There was something about the satisfaction in his voice when he talked about giving the Prius to his granddaughter. I don’t know. You would have had to have heard it but he seemed proud.

Bud had to drive me back home. It’s awkward driving in the car with a complete stranger. Even if it’s an Uber driver I feel I need to strike up a conversation. He drove some older black Mercedes Benz. It smelled and was a mess inside with trash everywhere. I had this weird thought about him being some kind of sicko murderer or something like that. I don’t know why I get weird thoughts like that sometimes but I have to tell you that I do.

I don’t know why I get weird thoughts like that sometimes, but I have to tell you that I do.

I asked him about his school. He said he’s doing some mechanic night school or something. He wanted to be up on all the changes with electronics and computers in cars. He was saying he works until five then is at school until 9 or 10. Then has homework until midnight. Then he wakes up and needs to be back at the shop early.

“But my wife has always supported me in my career. I’ve been doing this since high school and I love it.”

He kept going on and on about how he’s one of the top mechanics around. How his shop is one of the top 10 shops in California. I know he was exaggerating because his shop is this small little random building on some small little random street in Santa Ana.

“The school work is grueling, the information is harder than any of that math or engineering stuff they teach you in college, but it’s what you gotta do if you want to be the best.”

He drops me off and we shake hands. And later that day I had to go to the Land Rover dealership in Newport Beach and the people there were pretty much all rude. Or, at least they were snobbish.

And when I stood in the posh Land Rover dealership lobby, I thought of Bud. And I wondered about happiness. I had just written this post about whether people can choose to be happy.

And I thought of Plato’s view that we have three appetites. One for pleasure. One for status and reputation.
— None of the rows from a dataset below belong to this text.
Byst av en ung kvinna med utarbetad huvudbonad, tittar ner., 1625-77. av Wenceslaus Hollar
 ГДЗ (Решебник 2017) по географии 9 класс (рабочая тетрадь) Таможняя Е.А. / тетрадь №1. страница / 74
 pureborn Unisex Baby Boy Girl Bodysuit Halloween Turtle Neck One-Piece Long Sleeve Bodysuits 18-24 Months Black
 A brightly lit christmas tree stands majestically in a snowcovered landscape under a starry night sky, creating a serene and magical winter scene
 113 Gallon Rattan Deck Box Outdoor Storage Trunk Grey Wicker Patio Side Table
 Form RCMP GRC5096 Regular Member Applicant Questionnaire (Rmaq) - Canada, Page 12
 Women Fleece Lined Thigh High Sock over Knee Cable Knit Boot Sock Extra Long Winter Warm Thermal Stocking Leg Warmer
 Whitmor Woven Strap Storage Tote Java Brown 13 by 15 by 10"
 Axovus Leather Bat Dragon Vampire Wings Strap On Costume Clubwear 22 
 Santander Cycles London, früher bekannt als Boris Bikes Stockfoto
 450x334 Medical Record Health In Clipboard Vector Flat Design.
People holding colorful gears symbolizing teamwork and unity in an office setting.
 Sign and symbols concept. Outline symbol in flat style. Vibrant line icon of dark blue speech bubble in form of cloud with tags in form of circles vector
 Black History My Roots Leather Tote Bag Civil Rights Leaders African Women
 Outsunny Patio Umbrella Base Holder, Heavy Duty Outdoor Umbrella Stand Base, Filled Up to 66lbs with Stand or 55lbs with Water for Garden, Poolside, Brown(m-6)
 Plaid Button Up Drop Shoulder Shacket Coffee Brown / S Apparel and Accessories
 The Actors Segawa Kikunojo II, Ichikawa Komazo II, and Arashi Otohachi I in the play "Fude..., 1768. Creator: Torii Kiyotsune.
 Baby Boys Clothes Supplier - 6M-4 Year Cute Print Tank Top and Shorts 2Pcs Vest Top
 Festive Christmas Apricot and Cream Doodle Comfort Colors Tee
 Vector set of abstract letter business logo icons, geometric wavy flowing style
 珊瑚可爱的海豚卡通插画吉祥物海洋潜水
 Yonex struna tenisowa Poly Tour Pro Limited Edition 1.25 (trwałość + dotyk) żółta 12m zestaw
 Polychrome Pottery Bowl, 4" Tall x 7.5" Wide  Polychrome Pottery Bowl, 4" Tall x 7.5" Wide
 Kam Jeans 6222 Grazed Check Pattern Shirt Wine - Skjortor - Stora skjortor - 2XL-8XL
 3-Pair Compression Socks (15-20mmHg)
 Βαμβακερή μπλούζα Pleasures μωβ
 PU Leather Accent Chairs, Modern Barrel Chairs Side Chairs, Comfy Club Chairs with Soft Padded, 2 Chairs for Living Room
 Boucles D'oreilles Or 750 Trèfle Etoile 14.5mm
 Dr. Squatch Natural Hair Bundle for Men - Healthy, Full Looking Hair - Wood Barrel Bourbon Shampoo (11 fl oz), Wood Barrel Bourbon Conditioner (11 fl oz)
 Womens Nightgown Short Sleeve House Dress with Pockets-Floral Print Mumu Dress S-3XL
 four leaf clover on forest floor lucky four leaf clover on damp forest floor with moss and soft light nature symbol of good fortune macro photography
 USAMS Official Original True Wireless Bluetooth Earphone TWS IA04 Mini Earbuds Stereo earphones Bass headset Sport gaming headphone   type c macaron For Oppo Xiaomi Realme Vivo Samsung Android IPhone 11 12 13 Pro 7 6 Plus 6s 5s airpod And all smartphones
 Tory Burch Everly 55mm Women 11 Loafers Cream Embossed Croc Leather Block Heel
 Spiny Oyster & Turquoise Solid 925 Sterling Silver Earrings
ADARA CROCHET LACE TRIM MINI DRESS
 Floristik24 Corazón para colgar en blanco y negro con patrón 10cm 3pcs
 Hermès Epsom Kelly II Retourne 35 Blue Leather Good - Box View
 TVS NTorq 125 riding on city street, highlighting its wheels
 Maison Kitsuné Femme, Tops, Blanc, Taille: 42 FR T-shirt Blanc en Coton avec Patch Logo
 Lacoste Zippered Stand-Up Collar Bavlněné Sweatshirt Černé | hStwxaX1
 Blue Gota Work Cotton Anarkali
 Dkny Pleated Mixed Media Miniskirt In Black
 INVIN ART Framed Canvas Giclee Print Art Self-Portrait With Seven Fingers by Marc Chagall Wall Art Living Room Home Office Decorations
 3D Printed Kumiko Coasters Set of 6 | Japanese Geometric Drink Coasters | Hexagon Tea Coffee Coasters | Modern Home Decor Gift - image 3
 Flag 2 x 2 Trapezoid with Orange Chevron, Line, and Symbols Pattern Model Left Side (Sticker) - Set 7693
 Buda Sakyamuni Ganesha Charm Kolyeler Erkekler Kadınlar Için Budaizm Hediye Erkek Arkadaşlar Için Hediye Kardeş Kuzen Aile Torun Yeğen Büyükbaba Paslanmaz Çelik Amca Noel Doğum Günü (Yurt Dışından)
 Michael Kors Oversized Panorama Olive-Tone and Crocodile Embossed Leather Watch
One for knowledge.

My time with Bud made me think maybe the least happy people are those who are obsessed with status and reputation.

And I realized that Bud was probably happier than those smug rich folks at the Land Rover dealership.

Buying a 2010 Prius that needed a new catalytic converter so he could fix it in his garage and then give it to his daughter.

I think more parents need to teach their kids about good people like Bud, even though they might “only” be mechanics.